Restoring accountability to Peoples Gas

For years, we’ve highlighted the absurdity of Chicago gas utility Peoples Gas making record profits driven by its failing pipe replacement program. Recent action by regulators shows the opportunity for accountability.

Wikimedia Commons, RadRafe Photographer | Public Domain

For years, we’ve highlighted the absurdity of Chicago gas utility Peoples Gas making record profits driven by its failing pipe replacement program

To be clear, we don’t object to public utilities making a profit. That’s largely how essential utility services are delivered in the United States: public utilities provide a public good in exchange for the opportunity to make a private profit. But our laws and regulations should ensure that the opportunity to profit is aligned with how well the utility produces the public good. Good performance should be a prerequisite for achieving modest profits. Certainly poor performance should not lead to runaway profits. 

But that’s what’s been happening in Chicago. The Peoples Gas pipe replacement program is chronically over-budget and behind-schedule, is failing to effectively mitigate the safety risks it is supposed to, is increasingly misaligned with city, state, and federal climate goals, and is creating a deepening affordability crisis – all while leading to six consecutive years of record profits. Something is wrong.

Last week, Peoples Gas reported a net income of $129 million for the first six months of 2023, its lowest mid-year profit level since 2020 and a $38 million decrease from 2022. Peoples Gas will likely not break its profit record for a seventh consecutive year.

What happened? In May, the Illinois Commerce Commission, the Illinois utility regulator, ordered that Peoples Gas refund over $15 million to customers.

The order came after the Commission ruled that Peoples Gas acted irresponsibly by halting collection and disconnection activity when installing a new billing system in 2017. This led to an excessive increase in bad-debt costs, subsequently passed onto all other customers through an “uncollectibles” surcharge. In a filing with the Securities and Exchange Commission, Peoples Gas parent company WEC noted this order as one of the primary reasons its year-over-year profits through the first half of the year declined.

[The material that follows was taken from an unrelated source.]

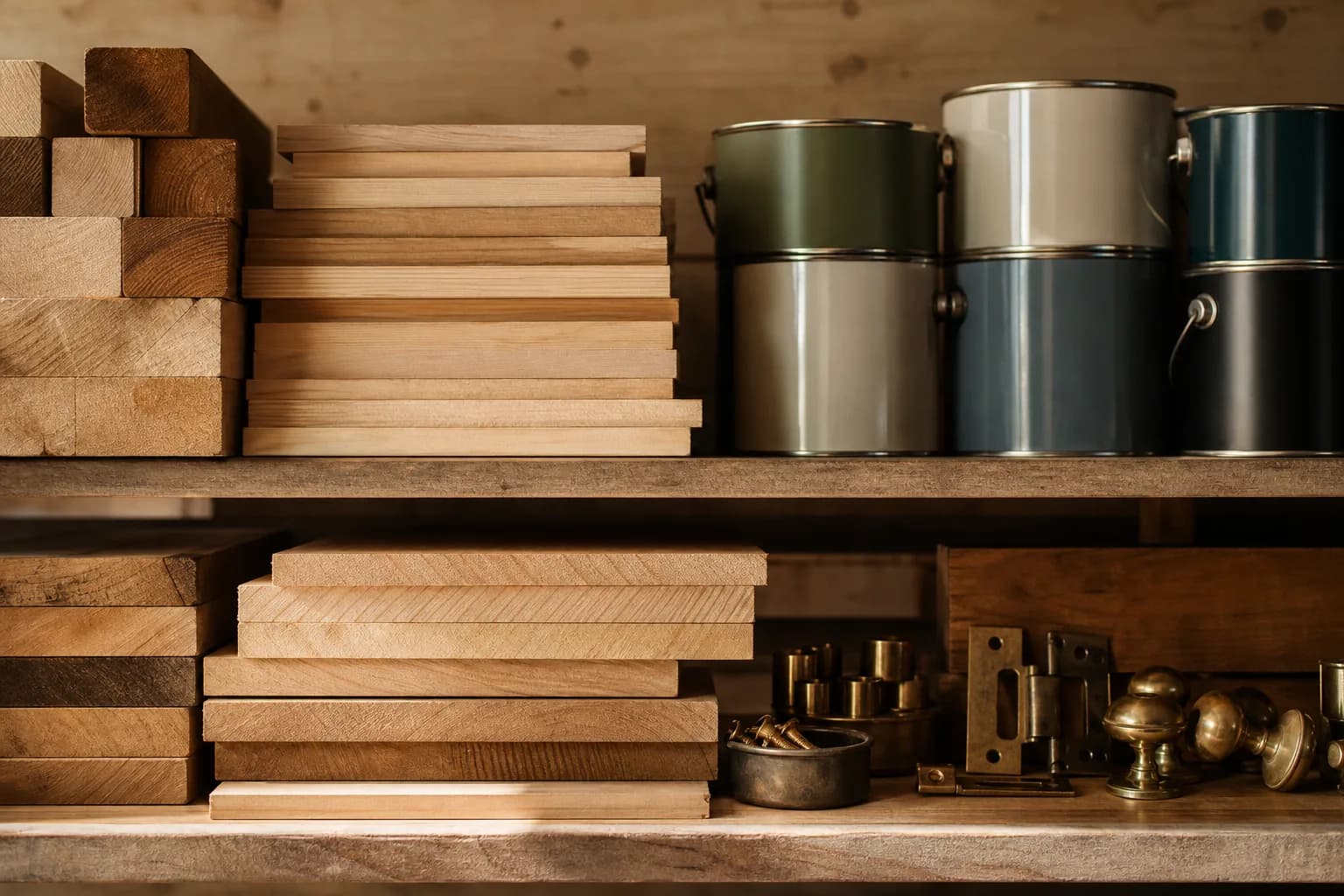 Neatly stacked quality building materials, planed timber, trade paint and brass fittings on a workshop shelf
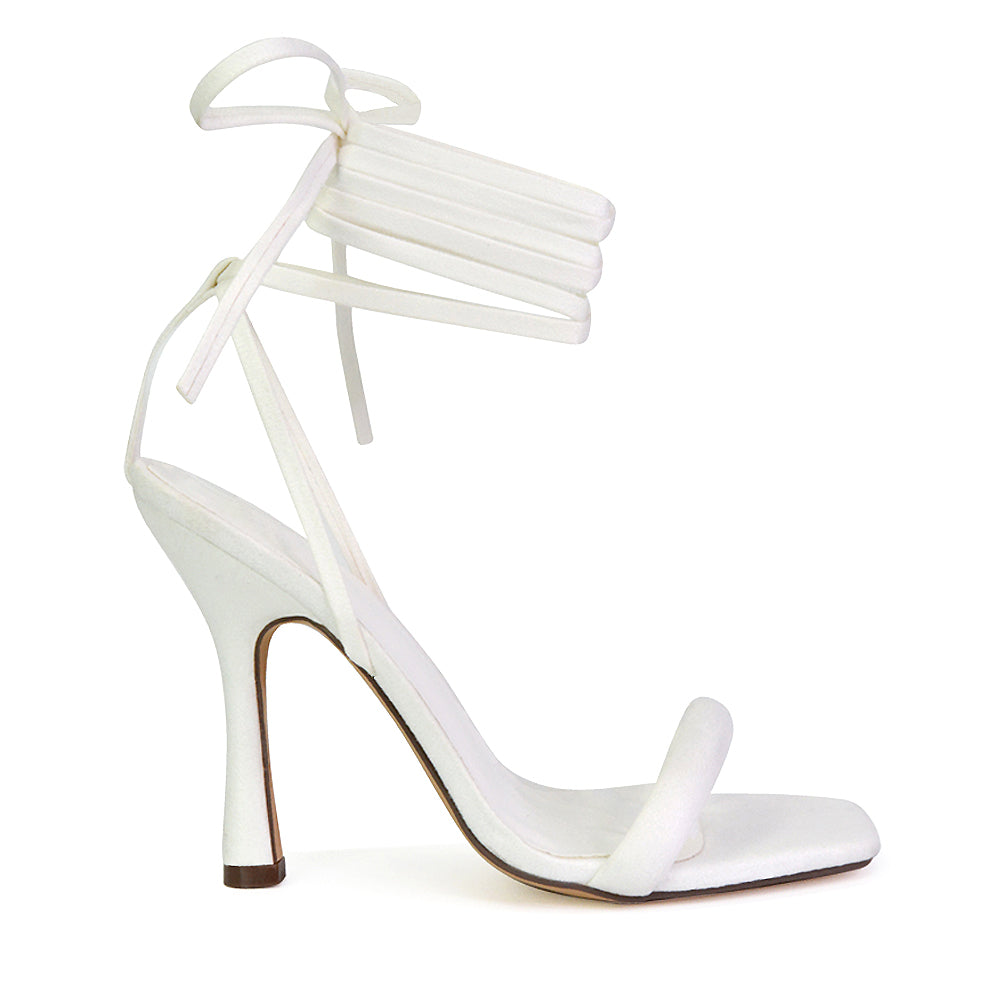 Caryn Faux Suede Lace Up Square Toe Strappy Stiletto High Heels in White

Ultimately, the Commission needs to take action to reform the Peoples Gas pipe replacement program, but this is a good example of the importance of regulators watchdogging utility performance and ensuring customers are not overcharged. 

Later this year, the Commission will rule on Peoples Gas’ proposed record $402 million rate hike. We’ve called on the Commission to use this opportunity to finally restore accountability to the pipe replacement program – and hopefully realign the incentives of the company to provide higher quality, higher value service to Chicagoans.